Expert panel shares latest in myopia control research
Global authorities in myopia management shared the latest research and efforts to manage the growing prevalence of myopia, here at a CooperVision-hosted panel discussion held prior to the American Academy of Optometry meeting in San Antonio.
Paul Chamberlain, BSc(Hons), director of research programs for CooperVision, presented results of a 4-year study, suggesting a pioneering contact lens management approach to slowing the effects of myopia.
Maria Liu, OD, PhD, MPH, MBA, FAAO, founder and chief of the Myopia Control Clinic at the University of California, Berkeley, attributed promising outcomes in China to a collaborative myopia management system with ophthalmologists and optometrists.
“A number of additional factors have emerged as critical to managing myopic children in China,” Liu said in a press release from CooperVision. “These include early consultation to parents of high-risk children, engaging in comprehensive discussions about individualized treatment and fee structures, and the need for manufacturers to help continue advancing myopia management practices through education.”
The discussion continued with Jan Roelof Polling, myopia researcher at Erasmus Medical Centre, focusing on encouraging experiences in The Netherlands.
Robin Chalmers, OD, FAAO, discussed the safe use of contact lenses by children.

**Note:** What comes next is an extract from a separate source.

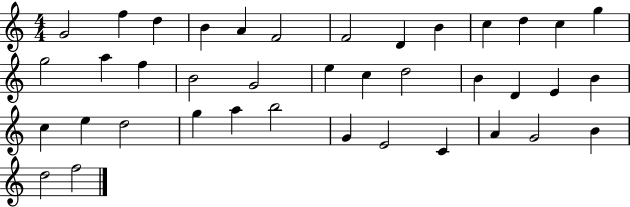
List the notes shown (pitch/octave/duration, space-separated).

G4/h F5/q D5/q B4/q A4/q F4/h F4/h D4/q B4/q C5/q D5/q C5/q G5/q G5/h A5/q F5/q B4/h G4/h E5/q C5/q D5/h B4/q D4/q E4/q B4/q C5/q E5/q D5/h G5/q A5/q B5/h G4/q E4/h C4/q A4/q G4/h B4/q D5/h F5/h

“Considering the worldwide growth of childhood myopia and its far-reaching impacts, discovering techniques to help eye care providers embrace their roles as front-line heroes in confronting this scourge is essential,” Stuart Cockerill, CooperVision’s senior director, myopia management, said in the release. “It’s an ongoing journey to help them understand when to begin and end treatment, how to cooperate with peers for coordinated care and ways to draw attention to the issue as a public health crisis in their communities. What we learned in San Antonio lets us take another step forward.”